Dependency confusion exploits the way package managers merge results from multiple repositories. If your build looks for an artifact that lives in a private repository, and the resolver is also allowed to see a public repository, a package published to the public repository with the same coordinates and a higher version number can silently win. Your build compiles. Your CI goes green. And a JAR you did not write, from a publisher you do not trust, runs inside your Spark driver.
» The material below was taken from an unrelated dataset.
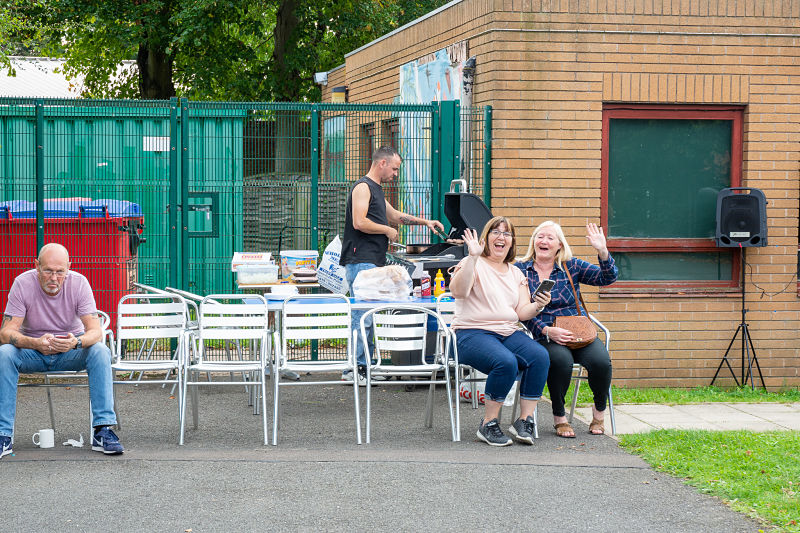 Two women sit on chairs while a man cooks food on the BBQ behind them. They are waving at the camera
Birsan's original research was on npm, PyPI, and RubyGems, but the core mechanic applies to any package manager with a fallback to a public registry. Maven Central and sbt are not immune. The reason you hear about npm more often is that npm's namespace is flat and package names are frequently guessable from public JavaScript bundles; Maven's groupId gives an organization slightly more isolation, but "slightly more" is not the same as "safe," and Maven Central's self-service publishing through the Central Portal has made it easier than ever to register a namespace that looks like it belongs to somebody else.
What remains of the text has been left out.